X & Y train data, word_index, labels

process_val(x_data_val, y_data_val, tok)

Prepares validation data for model.

Parameters:
  • Xdata_val (List) – x validation data
  • Ydata_val (List) – y validation data
Returns:

X&Y validation data ready for model

Embedding

class smm4h.embedding.MakeEmbedding(word_index, embedding, dim, maxwords, error_handling=False)

Creates embedding for CNN

Parameters:
  • word_index – word_index from model file
  • embedding (Str) – path to embedding file
  • dim (Int) – dimension of the embedding
  • maxwords (Int) – maximum number of words to use
  • error_handling (Bool) – flag for embedding read function that handles errors
init_embedding()

function that creates embedding matrix from word_index.

Parameters:word_index (Dict) – word index of X data
Returns:embedding matrix
read_embeddings_from_file(path)

Function to read external embedding files to build an index mapping words (as strings) to their vector representation (as number vectors).

Parameters:path (Str) – path to emebedding
Return dictionary:
 word vectors
Return type:dictionary: dict
read_embeddings_from_file_error_handling(path)

Function to read external embedding files to build an index mapping words (as strings) to their vector representation (as number vectors).

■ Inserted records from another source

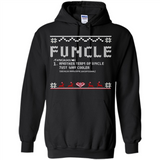 Mens Christmas Funcle Definition - Hoodie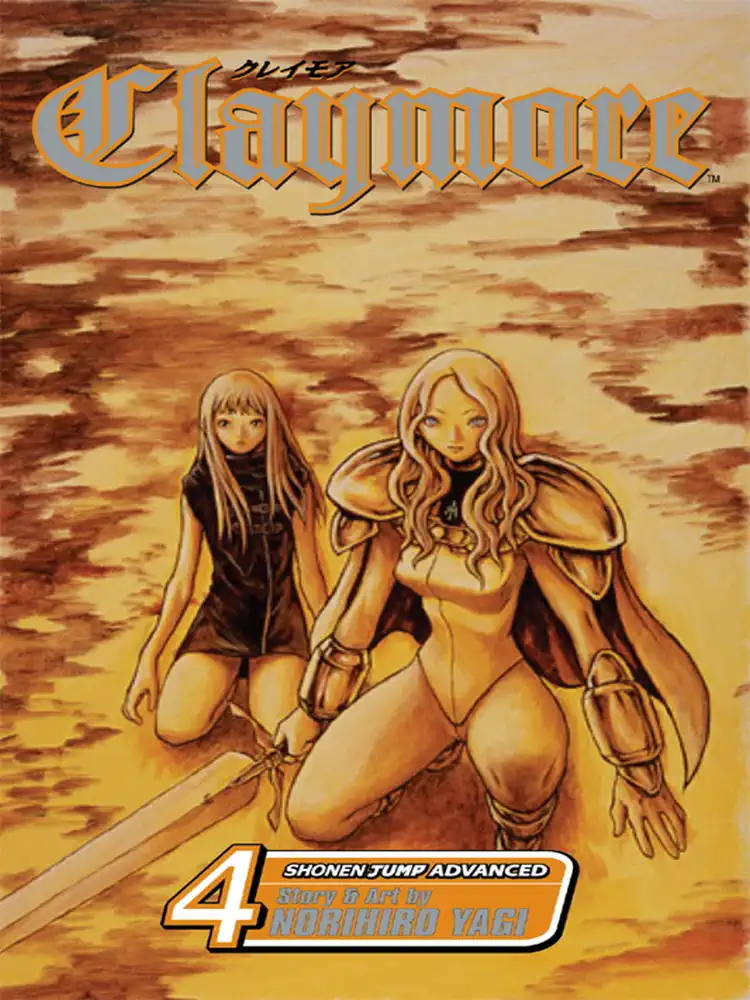 9781421506210 Claymore Volume 04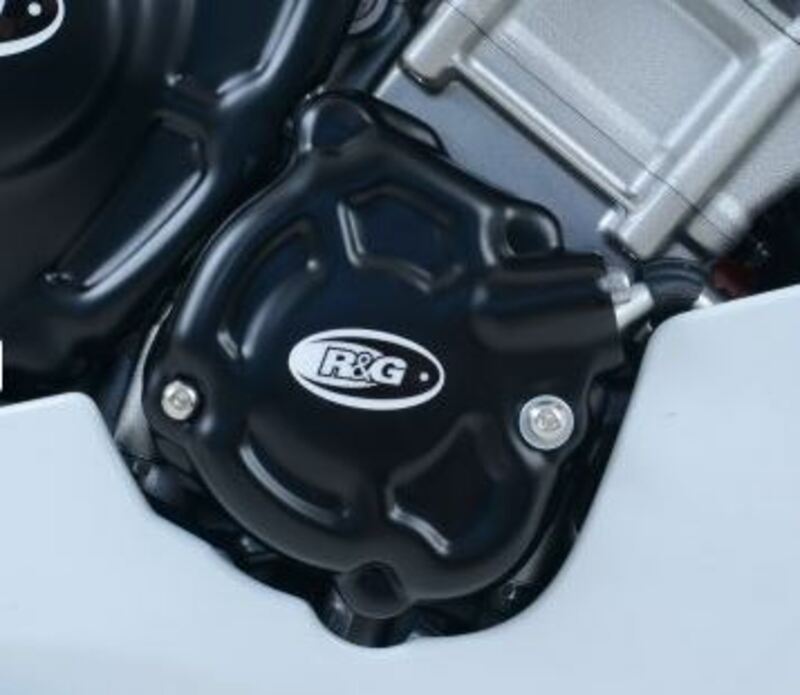 Yamaha MT-10 ABS RN45 [2016-2021] - Protezione copertura motore Nera Destra Yamaha YZF-R1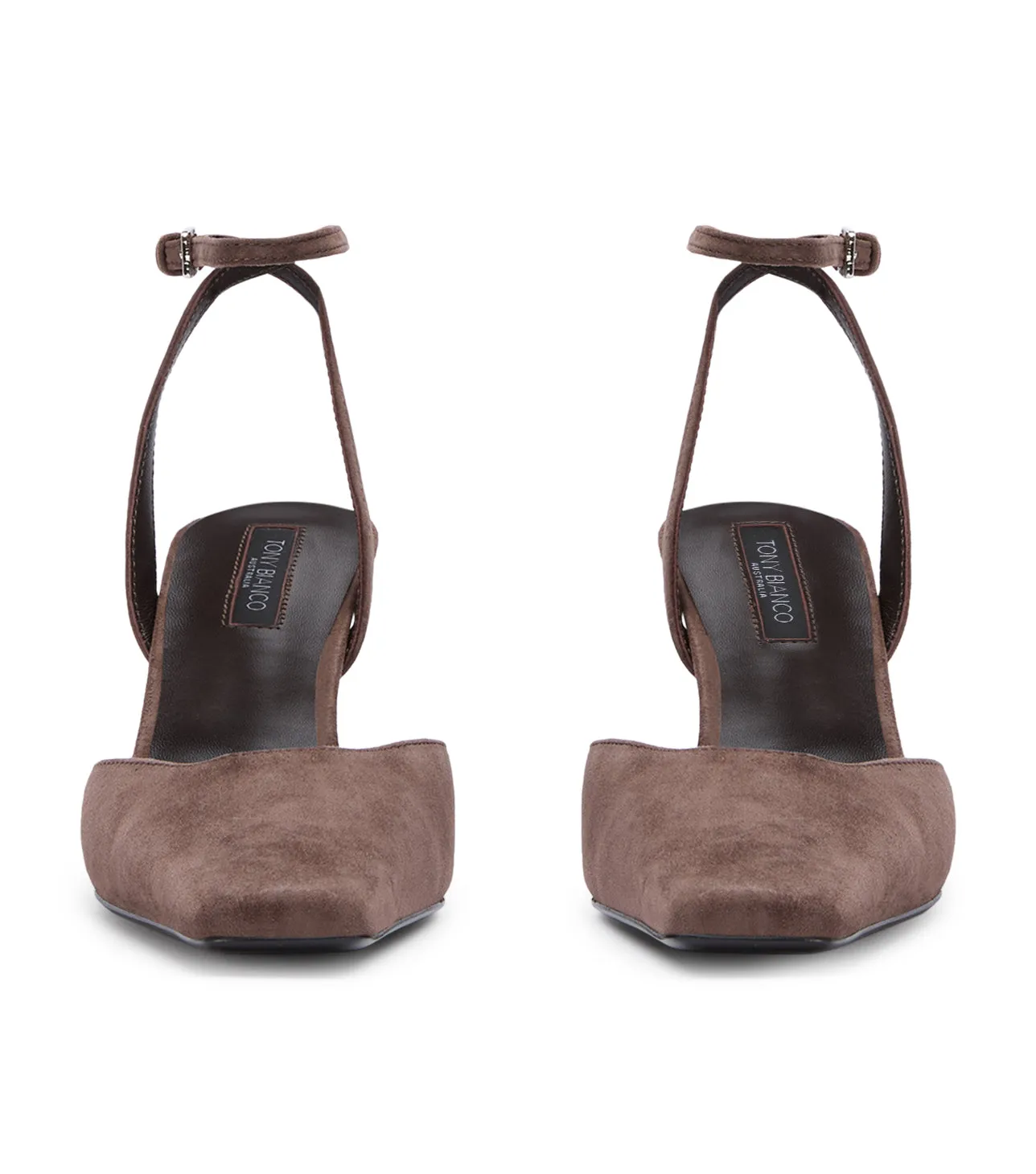 Jolie Espresso Suede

Works exactly the same as def read_embeddings_from_file except has addional error handling for some embeddings that are tricky to read.

Parameters:path (Str) – path to emebedding
Return dictionary:
 word vectors

Preprocessing

class smm4h.preprocessing.Preprocessing(file, test, x_col_name, y_col_name)

This file preprocesses the data and cleans it.

Parameters:
  • file (Str) – path to data file
  • test (Bool) – flag for if this is processing the test data
  • x_col_name (Str) – Name of the column that has the X data
  • y_col_name (Str) – Name of the column that has the Y data
remove_drug_names(tweets)

Replaces drug names with word drug. This is an experimental feature.

Parameters:tweets (List) – X data
Returns:tweets in list with drug names replaced
Return type:List
remove_html(tweets)

Removes &amp

Parameters:tweets (List) – X data
Returns:tweets in list &amp removed
Return type:List
remove_punctuation(tweets)

Removes double quotes

Parameters:tweets (List) – X data
Returns:tweets in list with double quotes removed
Return type:List
replace_emojis(tweets)

Remove emojis and replace them with word that represents them

Parameters:tweets (List) – X data
Returns:tweets in list with emojis replaced
Return type:List
replace_hashtags(tweets)

Replaces hashtags with word hashtag

Parameters:tweets (List) – X data
Returns:tweets in list with hashtags replaced
Return type:List

Replaces links with word hyperlink

Parameters:tweets (List) – X data
Returns:tweets in list with links replaced
Return type:List
replace_usernames(tweets)

Replaces usernames with word username

Parameters:tweets (List) – X data
Returns:tweets in list with usernames replaced
Return type:List

Unbalanced

class smm4h.unbalanced.Unbalanced(X, Y, unbalanced, multiplier=None, ratio1=None, ratio2=None, ratio1_label=None, ratio2_label=None)

Oversamples or desamples data. Only works with 2 classes.

Parameters:
  • X (List) – X data
  • Y (List) – Y data
  • unbalanced (Str) – flag for desample, oversample or none. Four options: desample, oversample, weights, none.
  • multiplier (Int) – number to duplicate by for oversampling. 1 more than duplications desired.
  • ratio1 (Int) – ratio desired for first label
  • ratio2 (Int) – ratio desired for second label
  • ratio1_label (Int) – first label
  • ratio2_label (Int) – second label
desample(sentences, labels)

Desamples.

Parameters:
  • labels (List) – y data
  • sentences (List) – x data
Returns:

desampled sentences, desampled labels

Return type:

List

oversample(labels, sentences)

Oversamples.

Parameters:
  • labels (List) – y data
  • sentences (List) – x data
Returns:

oversampled sentences, oversampled labels

Return type:

List

File

class smm4h.file.File
read_from_file(file)

Reads external files and insert the content to a list. It also removes whitespace characters like new line at the end of each lines.

Parameters:file (Str) – name of the input file.
Returns:content of the file
Return type:List
write_from_list(list, file_path)

Creates a csv file from a list

Parameters:
  • list (List) – list to become a csv file
  • file_path (Str) – path/name to the new file.